With number-one overall pick Victor Wembanyama looking like he might be a superstar, even as a rookie, he could be a huge difference-maker. However, for the Spurs to make enough of an improvement to challenge for a spot in the play-in tournament, they will need other members of their young core to step up. The most likely candidate to take a big leap is Devin Vassell, who was the team's best player last season and he could thrive thanks to the attention that Wembanyama draws.
But the Spurs have bigger questions that will need to be answered before the end of the season. After all, despite San Antonio expecting to be more competitive, they are still rebuilding and figuring out who will have a role on their team going forward. With that in mind, let's see which questions need answering, starting with Spurs' weakest position.
4.) Can Blake Wesley improve enough to play point guard?
It's easy for second-year point guard Blake Wesley to get lost in the shuffle. He was the last of the team's three first-round selections in 2022 and, unironically, showed the least out of those players, with Jeremy Sochan and Malaki Branham looking far more NBA-ready. It was always seen as unlikely that all three players would pan out, with Sochan being the surest thing and Branham and Wesley being a coin flip.
But Branham looks like he'll be able to fill a role as a scorer off the bench, while it's unclear if Wesley can earn minutes and hasn't through the team's first two games. San Antonio did him a major favor by releasing Cam Payne, which would have buried him behind as many as three other point guards. Though, with the Spurs essentially starting Sochan at point guard, Wesley will still be behind both him and Tre Jones.

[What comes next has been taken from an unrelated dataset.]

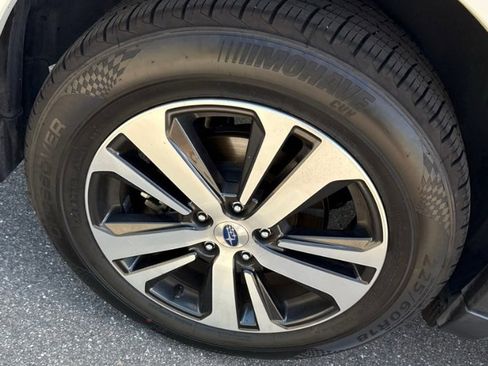 Used 2019 Subaru Outback 2.5i Limited image 12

Factor in that Devonte Graham is likely to get minutes, either at point guard, shooting guard, or both, and that narrows Wesley's opportunities. In fact, the Spurs picking up the fourth-year option on Wesley's rookie-scale contract isn't a guarantee. After all, the Spurs could have two lottery picks next season and could just as easily replace him with another point guard in the draft.
In the meantime, he'll still get some opportunities to prove himself and he does have the distinction of being the fastest player on the team. That can be an asset, though he has a tendency to play too fast. He's shown some defensive potential and has some craft as a finisher but he will need to be more under control when he does play to warrant the team giving him more opportunities.